Everytime we have a problem in the phone, an incidence with the Bank, an administrative problema in the gaz or electricity bill…we can start a process calling the Customer Service. How many times, after bouncing from one Department to other, someone tells us that we have to dial the number that we had dialed at the beginning? Hidden under these experiences, there is a technological development model based in complex machines and simple people. Is this a sustainable model? Technological development produce machines harder and harder to understand by their operators. In that way, we make better and better things that we already knew how to do and things that already were hard become harder and harder.

 

 11S was possible, among other things, as a consequence of a technological evolution model. This model is showing to be exhausted and requiring a course change. Rasmussen stated the requirements of this course change under a single condition: Operator has to be able to run cognitively the program that the machine is performing. This condition is not met and, in case of being mandatory, it could erase the economic viability driving to a double challenge: One of them should be technological making technology understandable to users beyond operating level under known conditions and the other one is organizational avoiding the loss of economic advantages..

 

Summarizing, performing better in things that we already performed well and, to do that, performing worse in things that we already were performing poorly is not a valid option. People require answer always, not only when automation and I.T. allow it. Cost is the main driver of the situation. Organizations do not answer unforeseen external events and, even worse, complexity itself can produce events from inside that, of course, do not have an answer neither.

 

 A technological model aimed to make easier the “what” hiding the “why” is limited by its own complexity and it is constraining in terms of human development. For a strictly economic vision, that is good news: We can work with less, less qualified and cheaper people. For a vision more centered in human and organizational development, results are not so clear. By one side, complexity puts a barrier preventing the technological solution of problems produced by technology. By other side, that complexity and the opacity of I.T. make the operators slaves without the opportunity to be freed by learning.

 

Three myths in technology design and HCI: Back to basics

It has been a coincidence driven by the anniversary of Spanair accident but, for a few days, comments about the train accident in Santiago de Compostela and about the Spanair accident appeared together. Both have a  common feature beyond, of course, a high and deadly cost. This feature could be stated like this: «A lapsus cannot drive to a major accident. If it happens, something is wrong in the system as a whole».

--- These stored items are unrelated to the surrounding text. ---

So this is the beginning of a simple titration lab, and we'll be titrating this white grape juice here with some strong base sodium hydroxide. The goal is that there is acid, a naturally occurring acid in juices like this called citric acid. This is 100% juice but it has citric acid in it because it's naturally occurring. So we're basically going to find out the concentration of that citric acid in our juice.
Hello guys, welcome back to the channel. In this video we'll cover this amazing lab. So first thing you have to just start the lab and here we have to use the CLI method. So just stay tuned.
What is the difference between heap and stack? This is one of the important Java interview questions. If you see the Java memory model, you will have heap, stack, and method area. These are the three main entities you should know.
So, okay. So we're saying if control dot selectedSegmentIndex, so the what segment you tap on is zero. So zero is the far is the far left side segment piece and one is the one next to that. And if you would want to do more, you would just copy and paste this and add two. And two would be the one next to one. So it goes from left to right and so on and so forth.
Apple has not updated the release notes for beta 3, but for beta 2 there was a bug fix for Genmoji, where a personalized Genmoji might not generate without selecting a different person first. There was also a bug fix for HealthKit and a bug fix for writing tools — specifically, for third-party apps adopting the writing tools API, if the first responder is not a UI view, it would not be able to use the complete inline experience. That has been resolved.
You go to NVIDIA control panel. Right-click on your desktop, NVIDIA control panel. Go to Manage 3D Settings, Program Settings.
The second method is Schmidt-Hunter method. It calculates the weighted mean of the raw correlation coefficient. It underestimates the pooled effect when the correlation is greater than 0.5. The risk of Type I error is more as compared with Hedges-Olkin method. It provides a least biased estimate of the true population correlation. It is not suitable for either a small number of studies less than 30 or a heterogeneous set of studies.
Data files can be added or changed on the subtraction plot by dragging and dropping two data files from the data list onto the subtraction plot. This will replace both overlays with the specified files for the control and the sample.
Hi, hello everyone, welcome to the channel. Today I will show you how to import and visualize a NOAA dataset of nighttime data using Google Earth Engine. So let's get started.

The operator -pilot, train driver or whoever- can be responsible if there is negligence or clear violation but a lapsus should be avoided by the environment and, if it is not possible, its consequences should be decreased or nullified by the system. Clearly, it did not happen in any of these cases but…what was the generic problem? There are some myths related to technology development that should be explicity addressed and they are not:

  • First myth: There is not an intrinsic difference between open and closed systems. If a system is labeled as open, that comes only from ignorance and technology development can convert it into a closed one: To be short and clear, a closed system is one where everything can be foreseen and, hence, it is possible to work with explicit instructions or procedures while an open one has different sources of interaction from outside or inside and it makes impossible to foresee all posible disturbances. If we accept the myth as a truth, no knowledge beyond operative level is required from the operator once technology reached the right point to consider a system as closed. Normative approach should be enough since every disturbance can be foreseen.

Kim Vicente, in his Cognitive Work Analysis used a good metaphor to attack this idea: Is it better having specific instructions to arrive to a place or is it better a map? Specific instructions can be optimized but they fail under closed streets, traffic jams and many other situations. A map is not so optimized but it provides resources under unforeseen situations. What if the map is so complex that including it in the training program should be very expensive? What if the operator was used to a roadmap and now he has to learn how to read an aeronautical or topographic map? If the myth works, there is not problem. Closed street and traffic jams do not exist and, if they do, they always happen in specific places that can be foreseen.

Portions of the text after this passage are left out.